Here is a diamond of a book!
I want to wave down readers and persuade them to read this gem.
Auntie Robbo
is a rollicking tale of an orphaned boy, Hector Murdoch (11), and his great-grand-aunt and guardian, Robina Sketheway (81). They got on as well together as any two people possibly could.
Their idyllic whimsical life at Nethermuir, twelve miles from Edinburgh, is threatened when Hector’s step-mother, Merlissa Benck, a woman he has never before met, visits with the aim of adopting Hector. She sniffs around and is appalled at the the lifestyle of this unusual pair.
“But what about … Hector, wait for me … What about other subjects?”
“Oh, Auntie Robbo knows all about them. Sometimes we do sums. We keep account books, and history—lots of history; then afterwards we ride over the battlefields and go and look at the castles where the murders were done.”
“I dare say,” said Merlissa Benck shortly. “But I should have thought British history would have been more suitable for a boy of your age, indispensable in my opinion. England’s story is a very great and noble one.”

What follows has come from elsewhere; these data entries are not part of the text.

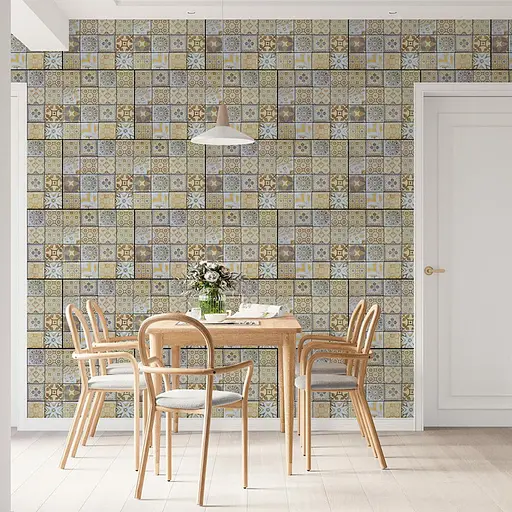 Декоративная панель ПВХ 960х480х4мм (D) SW-00001777 - фото 5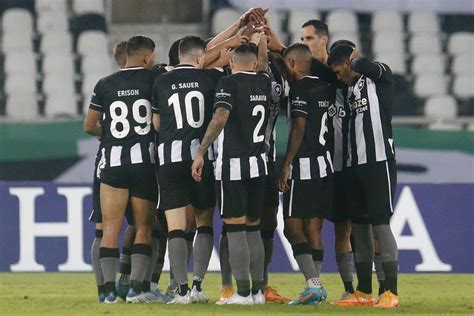 Botafogo X Atlético Mg Ao Vivo 1707 Onde Assistir Futdados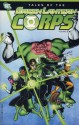 Tales of the Green Lantern Corps Volume 3. - Steve Englehart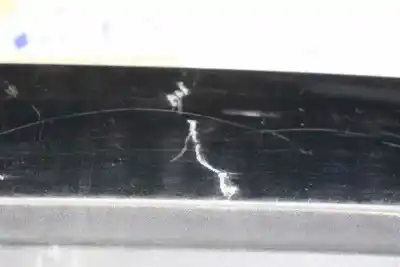 Автозапчасти б/у задний бампер за volkswagen passat variant (3c5) 1.9 tdi ссылки oem iam 3c9807417  3c9807521a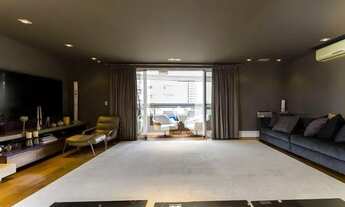 Imagem 7: Apartamento para Aluguel - Perdizes, 4 Quartos, 230 m2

“Yes,” said Hector. “But then we couldn’t ride to the battlefields, could we? I mean they were mostly fighting in places that didn’t belong to them, weren’t they?”
Hector is smart enough to apprehend the intent of Merlissa Benck: how easily she could “prove” dear unconventional Auntie Robbo was mad, stake her claim and clap the lad into dreaded public school. So Hector and Auntie Robbo slip away at night. On the train from Edinburgh they pick up three waifs: a brother, sister and cousin. Fugitives, they live in a tinker’s cart, traveling through Scotland.

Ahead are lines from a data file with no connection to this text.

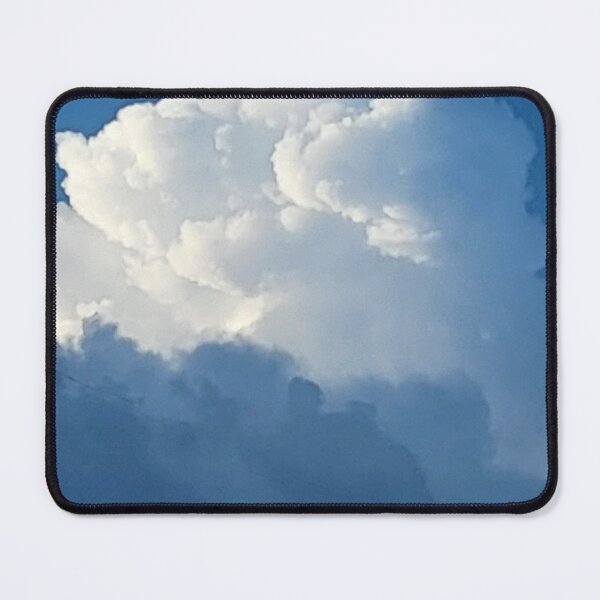 Item preview, Clouds and a Phone Line  designed and sold by Abeink1030.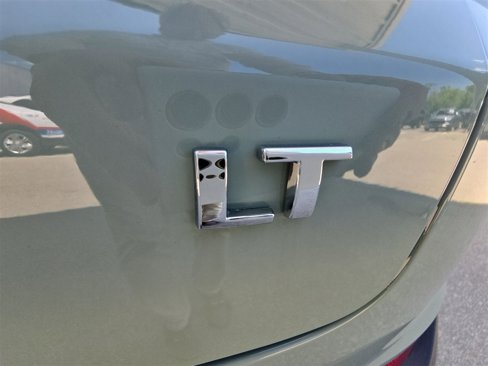 New 2026 Chevrolet TrailBlazer LT w/ LT Cold Weather Package image 30
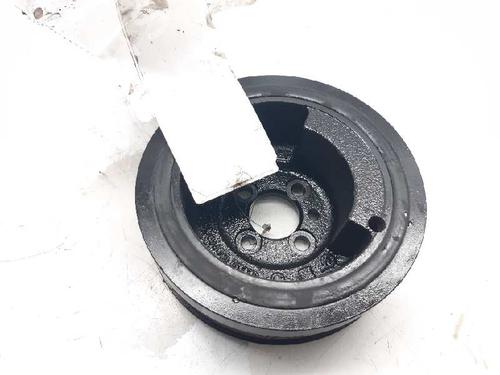 Used Pulley AUDI A2 (8Z0) 1.4 TDI (75 hp) 13996795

And when the fresh curling trout had been eaten, with a mound of scones and butter, they lay late round the fire, swilling cocoa, arguing again about stags and cows, telling stories, and looking back on yet another well-spent perfect day.
Auntie Robbo is magnificent: a hale and hearty woman, opinionated, kind, an octogenarian who hikes hills and understands boys. No morality tale here, no treacle, no dour Scottish frowns, just a thumping good read.

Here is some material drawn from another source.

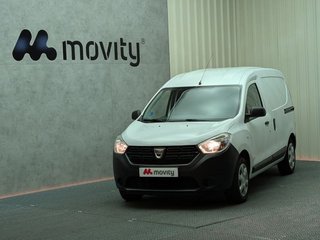 Dacia Dokker 1.6 LPG 102CV VAN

My journey to Auntie Robbo was through Russell Kirk’s autobiography. While studying at St. Andrews, Kirk became friends with the widower George Scott-Moncrieff. One phrase intrigued me: his wife Ann, who wrote inimitable children’s books…
A search on her name introduced me to Auntie Robbo, which is printed in full at Gutenberg. I dare you to read the first chapter. I had to decide whether to buy the book (which involved waiting at least ten days), print the book (115 pages) or read it online. I opened my laptop, used “Control +” to increase the font size and read all 22 chapters in one sitting.
Here is a buffet of Scott-Moncrieff’s delectable sentences:
He slipped out of questions like a mackerel fry through a herring net.
There was a spluttering of laughter like geese being chased across a field.
And the sea, deep and green as oil silk, swayed and sucked about the feet of these cliffs, growling with hunger, like an old lion who paws a gristly piece of meat and wonders if it’s worth a broken tooth and a belly-ache.
She thought she had slipped into her dotage….Years ago, round about seventy, she had accepted such things as inevitable, much as children accept that they will one day be grown up; but by this time she was eighty-one, she had forgotten about dotage and death again, and it was very unpleasant to be confronted by one of them suddenly.
This is a book I plan to read at least once a year until I slip into my dotage. I laughed aloud; I disrupted my husband’s concentration, intruding with quotes. I have plans for read alouds with the grands. I’m baffled why Auntie Robbo has remained unknown to me before now.

Auntie Robbo would make a fantastic full-length feature film.
Picture a madcap Maggie Smith with laughter and twinkling eyes, and you’ve got Auntie Robbo.
If I knew an ounce about writing a screenplay, I’d do it myself.